*TASK DETAILS*.
Return the full listing character for character, without its pictures.

*STORED DATA*.
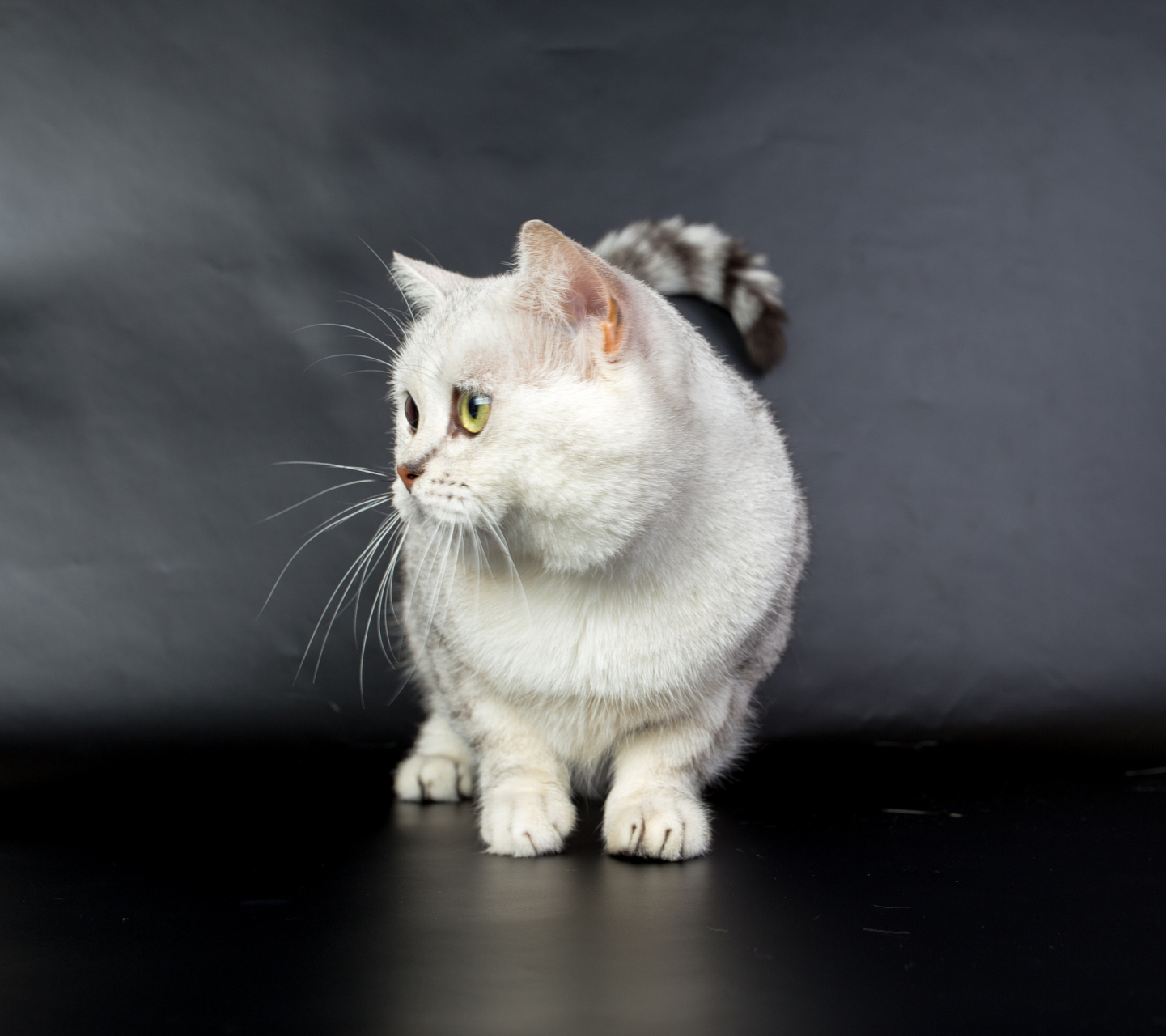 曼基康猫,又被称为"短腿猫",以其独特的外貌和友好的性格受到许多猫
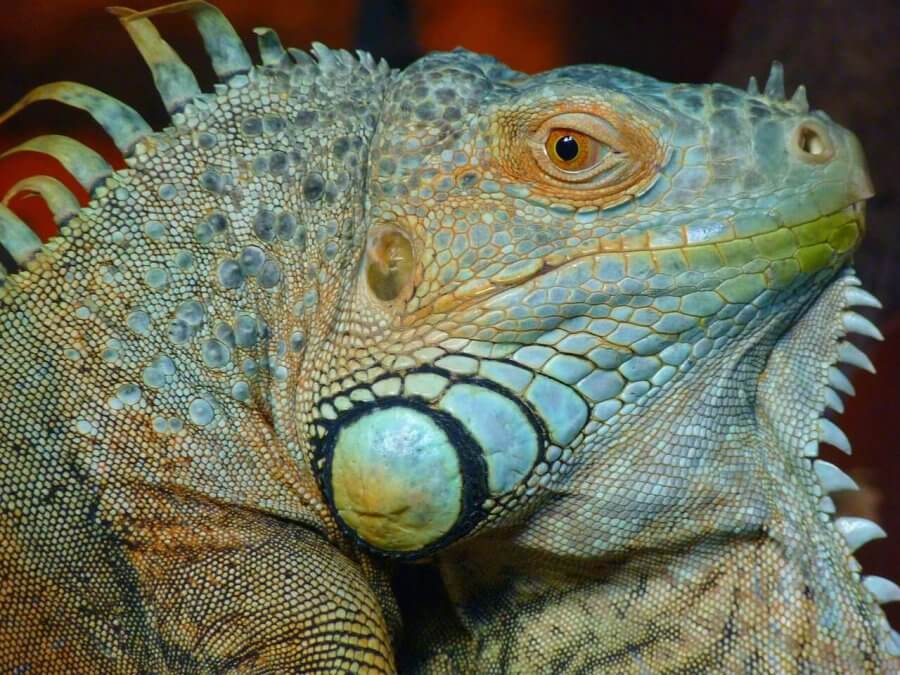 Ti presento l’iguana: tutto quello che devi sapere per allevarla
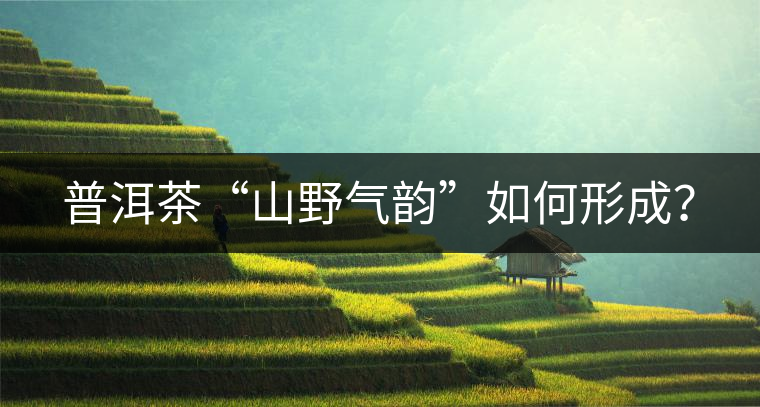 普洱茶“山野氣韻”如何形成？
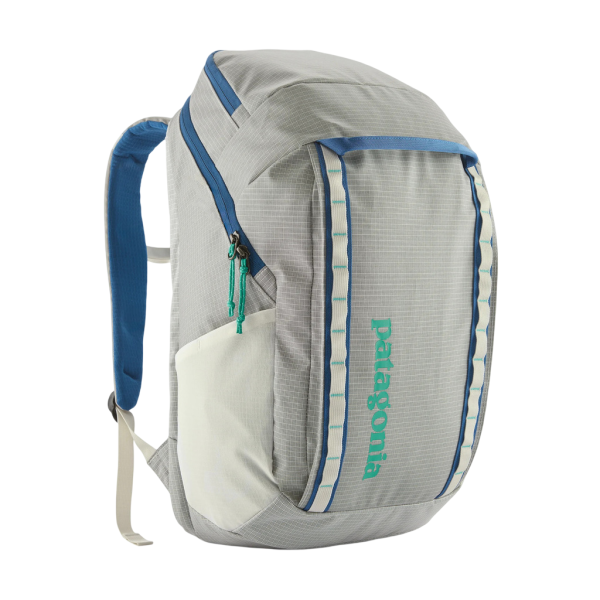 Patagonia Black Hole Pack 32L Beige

*WRITTEN RESPONSE*.
 曼基康猫,又被称为"短腿猫",以其独特的外貌和友好的性格受到许多猫
 Ti presento l’iguana: tutto quello che devi sapere per allevarla
 普洱茶“山野氣韻”如何形成？
 Patagonia Black Hole Pack 32L Beige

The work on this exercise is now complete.